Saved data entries
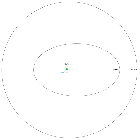Hiiaka last occulted Haumea in 1999, a few years before its discovery, and will not do so again for some 130 years.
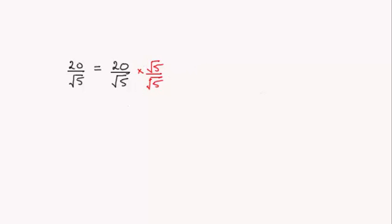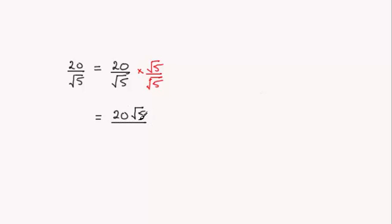So what we get is that this is equal to 20 times root 5 on the top, 20 root 5. But when it comes to the denominator, you've got root 5 times root 5, which is the square root of 25, which is 5.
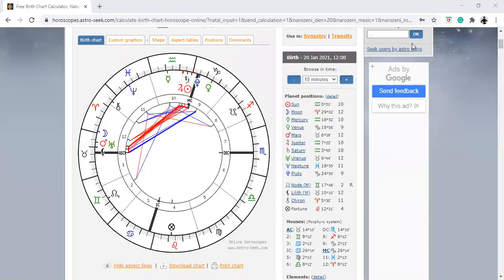Hey guys, it's Penelope in London. What I wanted to do was show you the chart of the inauguration. I'm showing you 12 noon, but we're also going to look on Solar Fire at the chart at 11:49 AM.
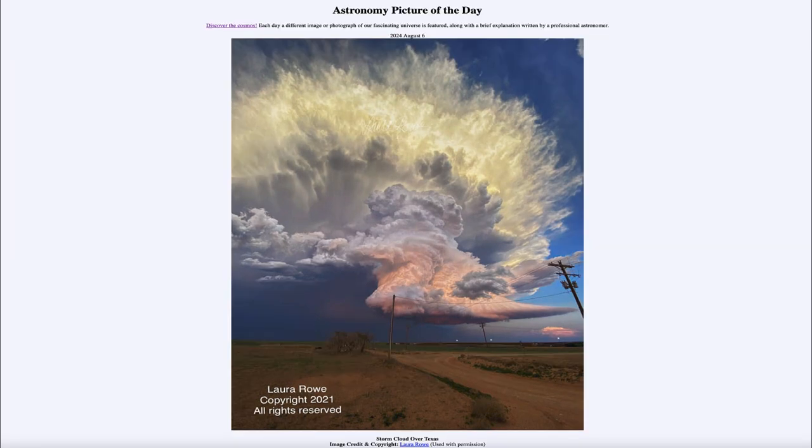So that was our picture of the day for August 6th of 2024, titled Storm Cloud Over Texas. We'll be back again tomorrow for the next picture, previewed to be Galaxy 3 — so we'll see what that's about tomorrow. Until then, have a great day everyone and I will see you in class.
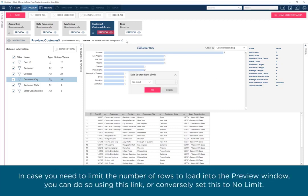In case you need to limit the number of rows to load into the preview window, you can do so using this link, or conversely set this to no limit.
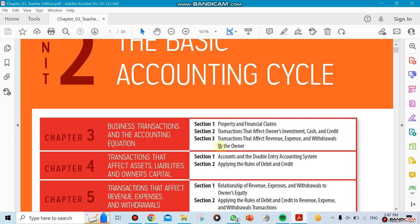So, Section 1, Section 2, Section 3. Section 2 talks about something called the online investment, cash, and what's a credit. Here we're not talking about credit cards and debit cards — we're talking about credit and debit in the sense of accounting. It's a different thing. Section 3 talks about transactions that affect revenue, expense, and withdrawal.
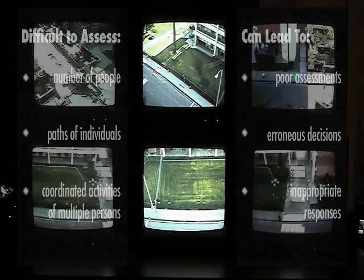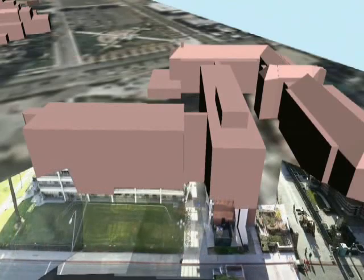However, imagine a system that allows you to see all the multiple camera images within a single comprehensive 3D view of the scene. This new system provides surveillance a God's eye view of the complete 3D scene and imagery obtained by video cameras.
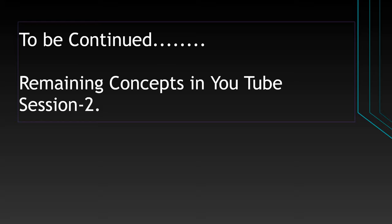Hope you all understand the concepts covered so far. I'll be covering the remaining concepts in YouTube session 2. Hope you all had a great time. Please subscribe to my channel, and if you have any queries don't forget to send your comments in the comment box. Thank you.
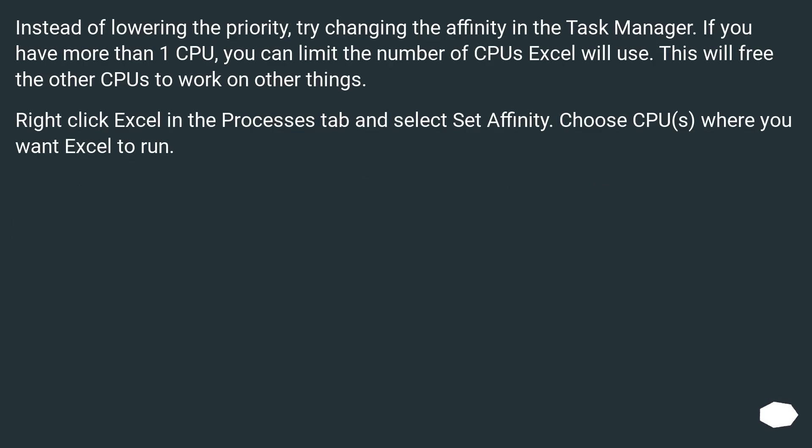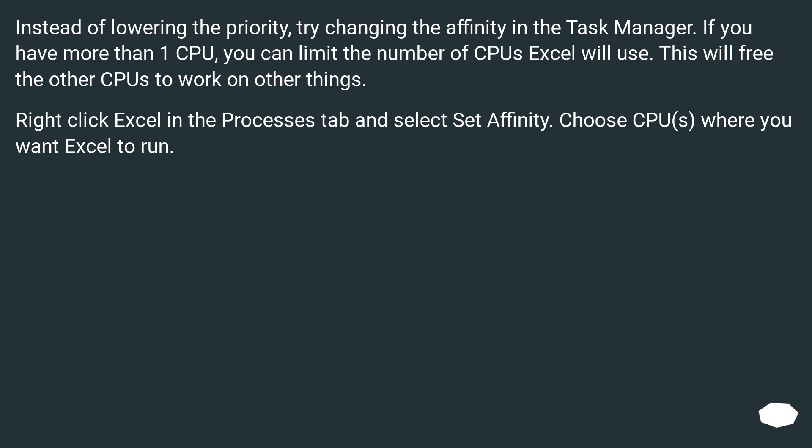Instead of lowering the priority, try changing the affinity in the Task Manager. If you have more than one CPU, you can limit the number of CPUs Excel will use. This will free the other CPUs to work on other things. Right-click Excel in the Processes tab and select Set Affinity. Choose CPUs where you want Excel to run.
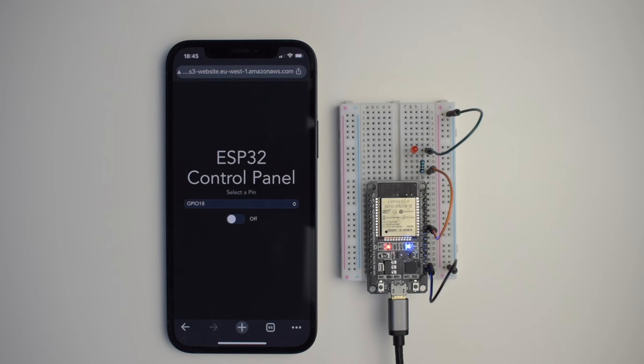Hello everyone, today I'm going to show you how you can control your ESP32 microcontroller from any place in the world with an internet connection in near real time.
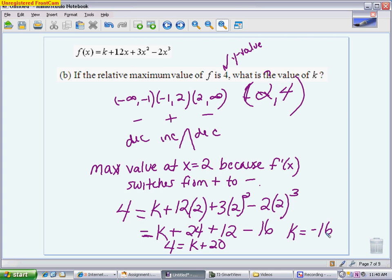This part is worth two points: one for identifying the x value and correctly plugging in the point, and one for arriving at k equals negative 16. Since they never use the word 'justify,' I wrote enough to explain why there's a maximum there, but nothing more is needed once I reach k equals negative 16.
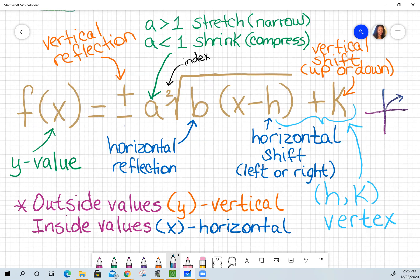A positive square root is going to look that way. Vertical reflection means it's flipping over the x-axis because it's up and down. So instead of going towards quadrant one, it's now going to be going towards quadrant four. That's what vertical reflection means.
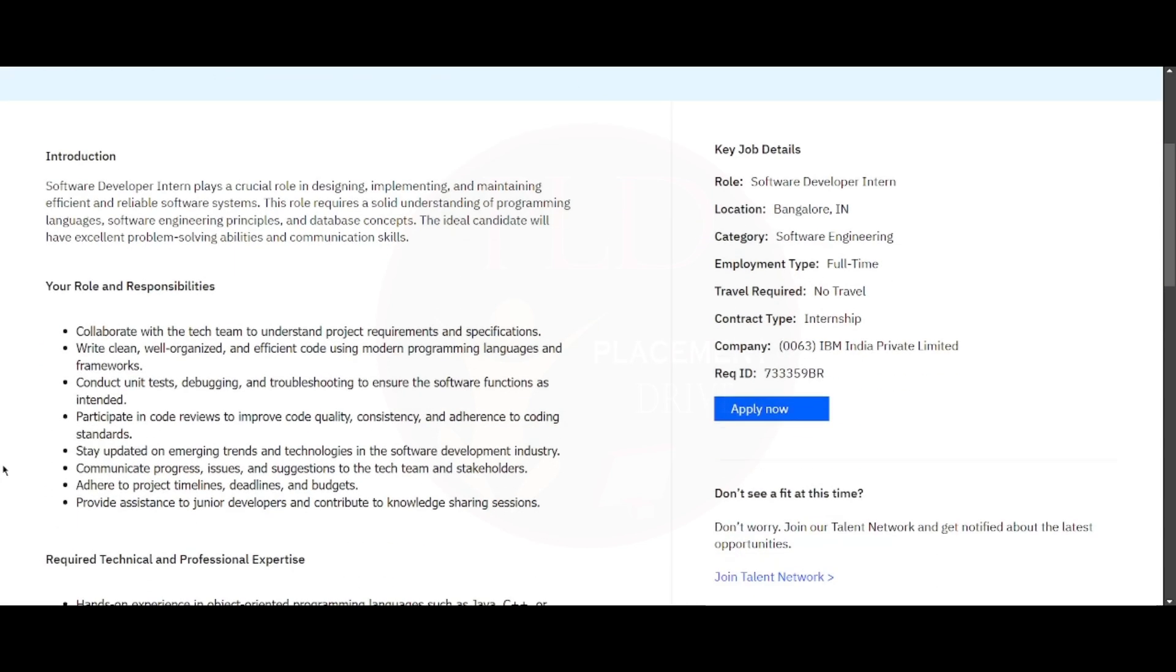You will be collaborating with the tech team to understand the project requirements and specifications. You will need to write clean, well-organized, and efficient code using modern programming languages and frameworks. You will also conduct unit testing, debugging, and troubleshooting to ensure the software functions as intended.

§ TASK ITEM: Restate word for word only the lines from where the entries begin through the one with "So that was"; omit the pictures.

§ RESPONSE AREA:
Hiiaka last occulted Haumea in 1999, a few years before its discovery, and will not do so again for some 130 years.
So what we get is that this is equal to 20 times root 5 on the top, 20 root 5. But when it comes to the denominator, you've got root 5 times root 5, which is the square root of 25, which is 5.
Hey guys, it's Penelope in London. What I wanted to do was show you the chart of the inauguration. I'm showing you 12 noon, but we're also going to look on Solar Fire at the chart at 11:49 AM.
So that was our picture of the day for August 6th of 2024, titled Storm Cloud Over Texas. We'll be back again tomorrow for the next picture, previewed to be Galaxy 3 — so we'll see what that's about tomorrow. Until then, have a great day everyone and I will see you in class.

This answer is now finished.